Sometimes a stranger across the ocean is just what the doctor ordered.

Accountability

Do you shy away from spending time on things you don't like, such as marketing or sales? Do you do things you don't endorse, such as spending way too long before deciding to ship?

What if you knew you had to write to your pen pal every 30 days? Maybe that'd keep you accountable.

Connection
There's just something powerful about connecting with others. Especially when they're going through the same things as you.
Helping
From Mimi Silbert: the greatest hacker in the world:

Here's a problem for you: build an organization that transforms thousands of homeless people, ex-cons, and recovering drug addicts into productive members of society. OK, now do it with no money and no staff. And achieve a >90% success rate. While you're at it, make the organization double as a business that provides valuable services to the community. And make the whole thing self-sustaining.

Amazingly, Mimi Silbert accomplished this very feat. She's been at it for 35 years and her organization is called the Delancey Street Foundation.

Her secret? Helping.

Instead of having the members being passive recipients (welfare, treatment, punishment, analysis), have them actively help others who are in need.

Sounds cool. But why snail mail?

I dunno. I don't have strong feelings about it.

Maybe email is better. If you think so, please tell me. And if you don't think so, please tell me that too.

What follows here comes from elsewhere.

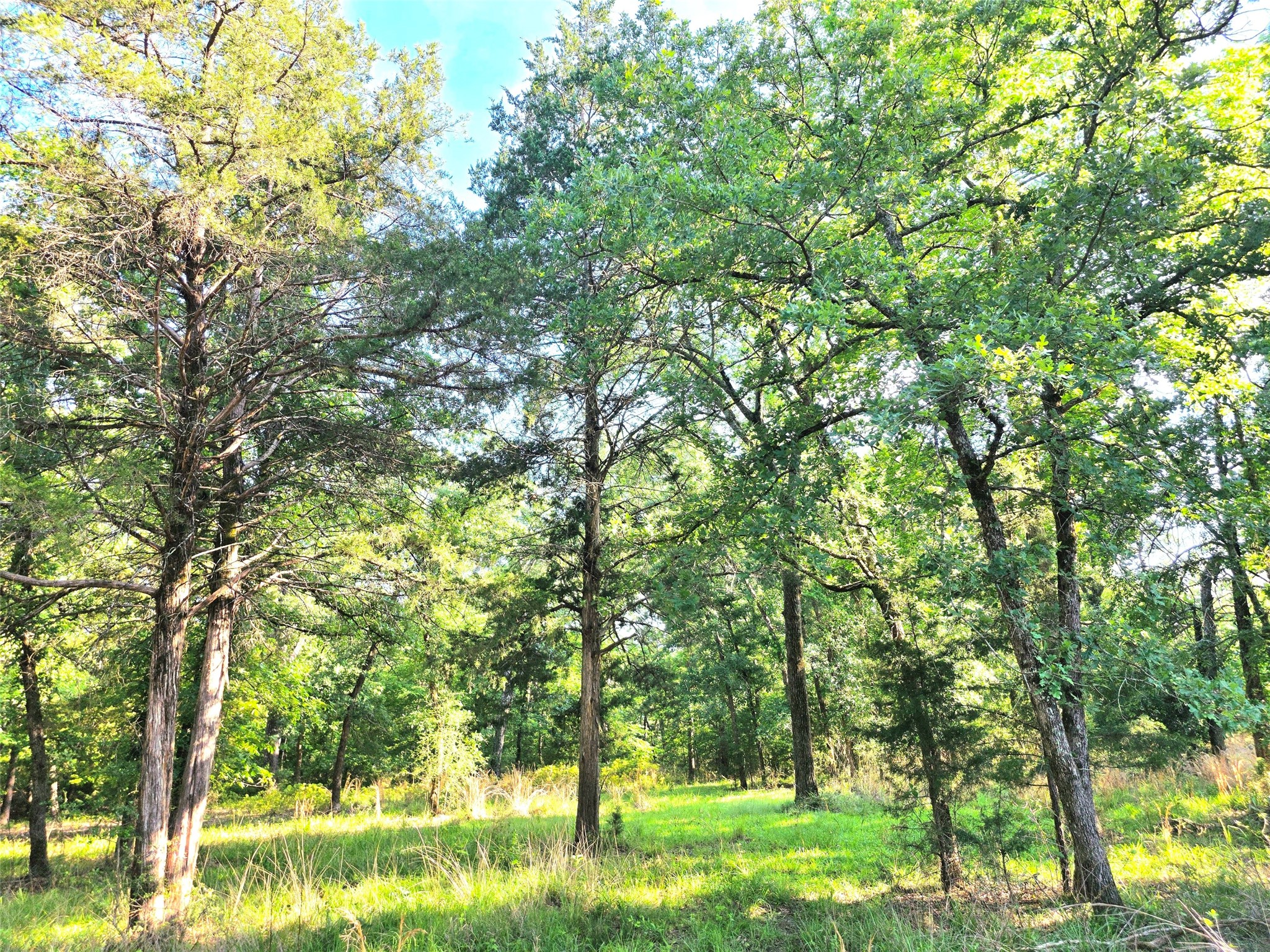 Lot 377 Timber Ridge Larue TX 75770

That said, I do have a good feeling about snail mail. Here are a few benefits that I see:

  • It forces you to slow down. Email is definitely faster, but maybe in this context of writing to a pen pal, speed is a bug, not a feature.
  • The pen pal you end up being matched with will be the type of person who wants to use snail mail. Maybe that points towards them being a cool and interesting person.
  • For reasons described in Cal Newport's book Digital Minimalism, spending time away from screens is healthy.